Anticipated shortfall

On the other hand, big though it appears, that number will only meet between one-third to one half of the anticipated shortfall in the Dublin market during that period. “It will go some way to help but the numbers are still inadequate.”

Interestingly, the presence of institutional investors – the so-called cuckoo funds – in the market is actually a good thing as they are funding apartment developments which might not otherwise go ahead. “In some ways the Government has come up with a new category of accommodation – build to rent,” Lyons notes. “Pension funds have lower yield requirements than developers.”

But individual landlords are still leaving the private rental market, according to Marian Finnegan, managing director of Sherry Fitzgerald residential. “Every single year since the recovery began there has been a strong outflow of investors from the market. For every investor coming in, two are leaving. That’s largely a reflection of the tax the investors are paying, and the capital appreciation isn’t there anymore. We are losing 5,000 units out of the market each year.

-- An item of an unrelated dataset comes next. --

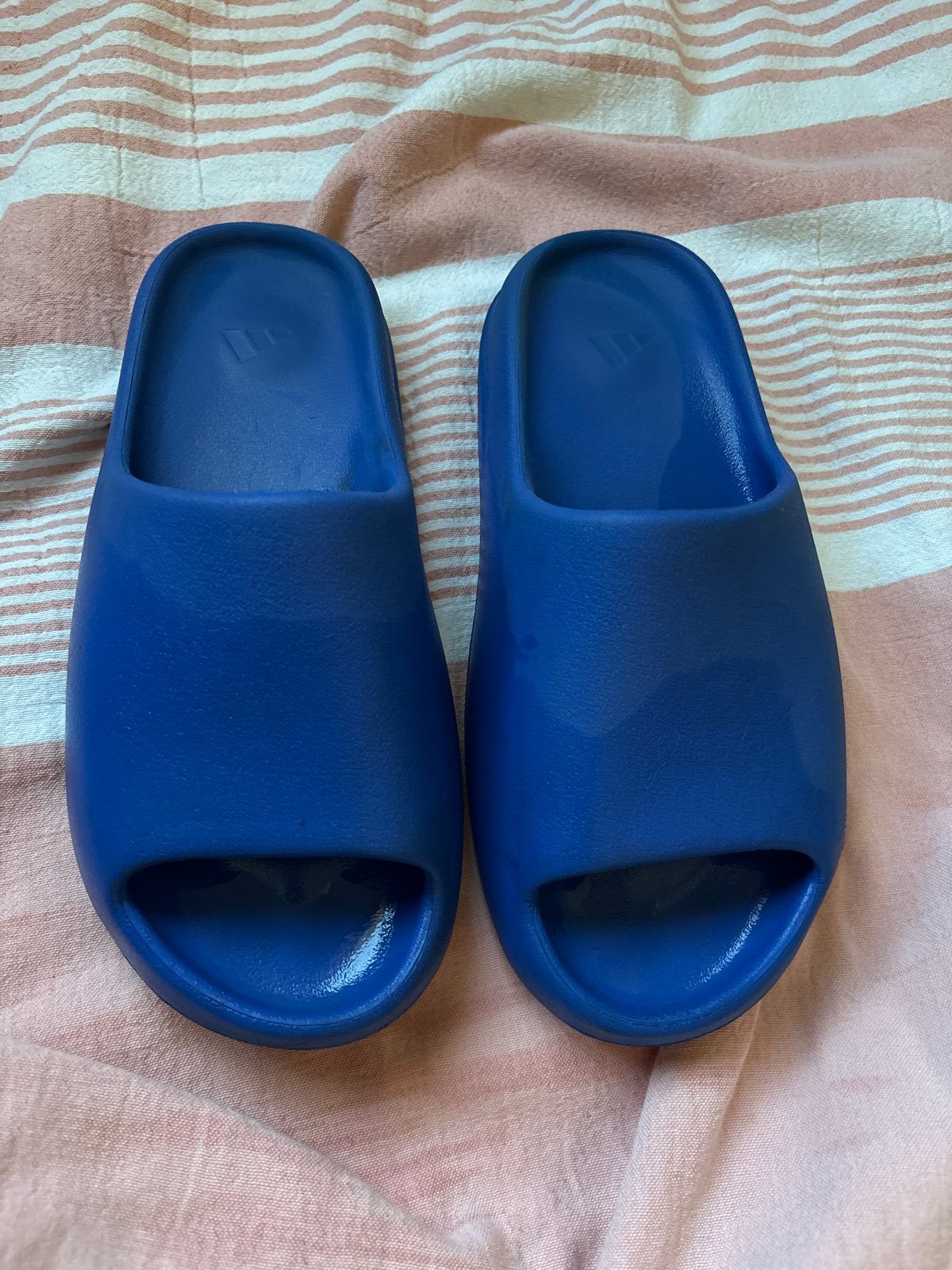 Originele Yeezy Slides maat 43 - Azure merk adidas, Blauw, Zo goed als nieuw, Ophalen, Slippers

The need for investment is still there in private rental property is still there.”

“We have been saying it for quite a while and the Residential Tenancies Board said it earlier this year when they came out and said there had been a contraction of 12,000 units in private stock”, she adds.

Standing stock

Investments by institutional funds haven’t necessarily led to an increase in stock, Finnegan points out. “The funds have to date been investing in standing stock. Of the €1.2 billion investment in the private rental sector by the funds last year, €600 million was invested in existing units and only about 200 additional units came to the market as a result of that. The other €600 million is in future developments and when that starts to come through in the next couple of years, it will be part of the solution.

Lyons believes high construction costs are at the root of the problem. “The breakeven point for apartment developments is lowered for the funds by spreading the construction costs over a longer period. A lot of the 20,000 to 25,000 homes coming on stream are because of the build to rent market. It was always known this would be a relatively quick win as it made developments in most of Dublin and Cork viable.”

That said, there is still a need to address underlying construction costs. “Dublin is one of the most expensive cities in the world to build housing and no one knows why,” Lyons adds. “But the Government has shown no interest in finding out. Things have been improving in the rental market but the three key issues of high construction costs, high land prices and poor social housing policy remain to be addressed.”

Social housing

Increased social housing provision would undoubtedly take some heat out of the market but the Government seems to be going about this in the wrong way. “In the early 1990s, the government decided to get out of social housing. This didn’t matter for 10 years because of the ease of credit. That changed once credit got tighter. Social housing policy now is procyclical. The higher the market goes the more money is spent on it. It would be better if it was countercyclical and more social houses were built at times when the private market is delivering fewer units. There is a cost rental model already there for the social housing segment of the market. A land value tax can help with land costs.”